WHAT THE EXERCISE ASKS: What is needed is a word-for-word transcription of every record below.
*** SOURCE INFORMATION Section Begins ***
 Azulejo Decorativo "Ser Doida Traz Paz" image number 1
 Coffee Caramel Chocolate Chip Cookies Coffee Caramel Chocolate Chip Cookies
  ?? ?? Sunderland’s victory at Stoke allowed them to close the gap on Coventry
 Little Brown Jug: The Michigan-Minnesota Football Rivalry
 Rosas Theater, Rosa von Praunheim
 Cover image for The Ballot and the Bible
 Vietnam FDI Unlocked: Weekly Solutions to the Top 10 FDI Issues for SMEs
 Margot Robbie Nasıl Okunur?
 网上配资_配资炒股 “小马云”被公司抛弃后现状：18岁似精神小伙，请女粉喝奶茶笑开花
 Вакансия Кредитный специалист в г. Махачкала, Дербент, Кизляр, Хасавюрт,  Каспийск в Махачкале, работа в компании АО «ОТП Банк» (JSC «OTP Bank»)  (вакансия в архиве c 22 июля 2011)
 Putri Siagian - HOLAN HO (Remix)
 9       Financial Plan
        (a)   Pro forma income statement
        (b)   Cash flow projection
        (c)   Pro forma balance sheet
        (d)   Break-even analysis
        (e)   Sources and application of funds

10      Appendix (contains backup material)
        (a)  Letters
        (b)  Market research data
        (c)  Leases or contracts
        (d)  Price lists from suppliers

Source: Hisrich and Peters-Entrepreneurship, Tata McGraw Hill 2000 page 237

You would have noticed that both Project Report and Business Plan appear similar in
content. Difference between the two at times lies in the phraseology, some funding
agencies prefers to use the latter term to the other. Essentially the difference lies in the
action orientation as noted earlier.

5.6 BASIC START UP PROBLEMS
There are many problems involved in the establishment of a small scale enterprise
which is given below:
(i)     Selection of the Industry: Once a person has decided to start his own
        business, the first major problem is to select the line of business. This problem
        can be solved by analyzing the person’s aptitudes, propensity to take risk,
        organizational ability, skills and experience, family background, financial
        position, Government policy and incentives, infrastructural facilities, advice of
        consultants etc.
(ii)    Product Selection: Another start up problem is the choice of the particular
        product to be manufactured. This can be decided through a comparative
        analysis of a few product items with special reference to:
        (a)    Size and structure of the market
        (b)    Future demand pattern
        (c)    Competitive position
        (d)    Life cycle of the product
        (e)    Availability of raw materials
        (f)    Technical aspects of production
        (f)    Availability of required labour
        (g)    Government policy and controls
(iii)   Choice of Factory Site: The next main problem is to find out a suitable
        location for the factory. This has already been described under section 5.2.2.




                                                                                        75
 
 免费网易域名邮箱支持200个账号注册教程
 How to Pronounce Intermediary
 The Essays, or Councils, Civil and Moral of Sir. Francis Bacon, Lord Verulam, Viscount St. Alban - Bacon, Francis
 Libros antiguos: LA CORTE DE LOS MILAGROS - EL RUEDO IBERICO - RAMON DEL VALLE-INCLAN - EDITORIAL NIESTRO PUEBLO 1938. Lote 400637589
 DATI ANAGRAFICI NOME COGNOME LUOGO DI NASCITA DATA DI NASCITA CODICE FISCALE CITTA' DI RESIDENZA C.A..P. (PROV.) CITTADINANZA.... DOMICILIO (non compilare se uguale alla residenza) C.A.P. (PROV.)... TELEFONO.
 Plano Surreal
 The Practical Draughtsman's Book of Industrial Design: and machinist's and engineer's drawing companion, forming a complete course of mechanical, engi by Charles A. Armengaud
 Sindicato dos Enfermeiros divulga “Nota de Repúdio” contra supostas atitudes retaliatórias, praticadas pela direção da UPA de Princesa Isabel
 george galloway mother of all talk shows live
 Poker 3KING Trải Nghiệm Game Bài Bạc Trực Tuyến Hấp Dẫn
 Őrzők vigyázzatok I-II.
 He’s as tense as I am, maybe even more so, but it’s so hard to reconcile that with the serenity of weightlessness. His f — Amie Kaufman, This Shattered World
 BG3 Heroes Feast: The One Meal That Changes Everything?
*** SOURCE INFORMATION Section Ends ***
REPLY:
 Azulejo Decorativo "Ser Doida Traz Paz" image number 1
 Coffee Caramel Chocolate Chip Cookies Coffee Caramel Chocolate Chip Cookies
  ?? ?? Sunderland’s victory at Stoke allowed them to close the gap on Coventry
 Little Brown Jug: The Michigan-Minnesota Football Rivalry
 Rosas Theater, Rosa von Praunheim
 Cover image for The Ballot and the Bible
 Vietnam FDI Unlocked: Weekly Solutions to the Top 10 FDI Issues for SMEs
 Margot Robbie Nasıl Okunur?
 网上配资_配资炒股 “小马云”被公司抛弃后现状：18岁似精神小伙，请女粉喝奶茶笑开花
 Вакансия Кредитный специалист в г. Махачкала, Дербент, Кизляр, Хасавюрт,  Каспийск в Махачкале, работа в компании АО «ОТП Банк» (JSC «OTP Bank»)  (вакансия в архиве c 22 июля 2011)
 Putri Siagian - HOLAN HO (Remix)
 9       Financial Plan
        (a)   Pro forma income statement
        (b)   Cash flow projection
        (c)   Pro forma balance sheet
        (d)   Break-even analysis
        (e)   Sources and application of funds

10      Appendix (contains backup material)
        (a)  Letters
        (b)  Market research data
        (c)  Leases or contracts
        (d)  Price lists from suppliers

Source: Hisrich and Peters-Entrepreneurship, Tata McGraw Hill 2000 page 237

You would have noticed that both Project Report and Business Plan appear similar in
content. Difference between the two at times lies in the phraseology, some funding
agencies prefers to use the latter term to the other. Essentially the difference lies in the
action orientation as noted earlier.

5.6 BASIC START UP PROBLEMS
There are many problems involved in the establishment of a small scale enterprise
which is given below:
(i)     Selection of the Industry: Once a person has decided to start his own
        business, the first major problem is to select the line of business. This problem
        can be solved by analyzing the person’s aptitudes, propensity to take risk,
        organizational ability, skills and experience, family background, financial
        position, Government policy and incentives, infrastructural facilities, advice of
        consultants etc.
(ii)    Product Selection: Another start up problem is the choice of the particular
        product to be manufactured. This can be decided through a comparative
        analysis of a few product items with special reference to:
        (a)    Size and structure of the market
        (b)    Future demand pattern
        (c)    Competitive position
        (d)    Life cycle of the product
        (e)    Availability of raw materials
        (f)    Technical aspects of production
        (f)    Availability of required labour
        (g)    Government policy and controls
(iii)   Choice of Factory Site: The next main problem is to find out a suitable
        location for the factory. This has already been described under section 5.2.2.




                                                                                        75
 
 免费网易域名邮箱支持200个账号注册教程
 How to Pronounce Intermediary
 The Essays, or Councils, Civil and Moral of Sir. Francis Bacon, Lord Verulam, Viscount St. Alban - Bacon, Francis
 Libros antiguos: LA CORTE DE LOS MILAGROS - EL RUEDO IBERICO - RAMON DEL VALLE-INCLAN - EDITORIAL NIESTRO PUEBLO 1938. Lote 400637589
 DATI ANAGRAFICI NOME COGNOME LUOGO DI NASCITA DATA DI NASCITA CODICE FISCALE CITTA' DI RESIDENZA C.A..P. (PROV.) CITTADINANZA.... DOMICILIO (non compilare se uguale alla residenza) C.A.P. (PROV.)... TELEFONO.
 Plano Surreal
 The Practical Draughtsman's Book of Industrial Design: and machinist's and engineer's drawing companion, forming a complete course of mechanical, engi by Charles A. Armengaud
 Sindicato dos Enfermeiros divulga “Nota de Repúdio” contra supostas atitudes retaliatórias, praticadas pela direção da UPA de Princesa Isabel
 george galloway mother of all talk shows live
 Poker 3KING Trải Nghiệm Game Bài Bạc Trực Tuyến Hấp Dẫn
 Őrzők vigyázzatok I-II.
 He’s as tense as I am, maybe even more so, but it’s so hard to reconcile that with the serenity of weightlessness. His f — Amie Kaufman, This Shattered World
 BG3 Heroes Feast: The One Meal That Changes Everything?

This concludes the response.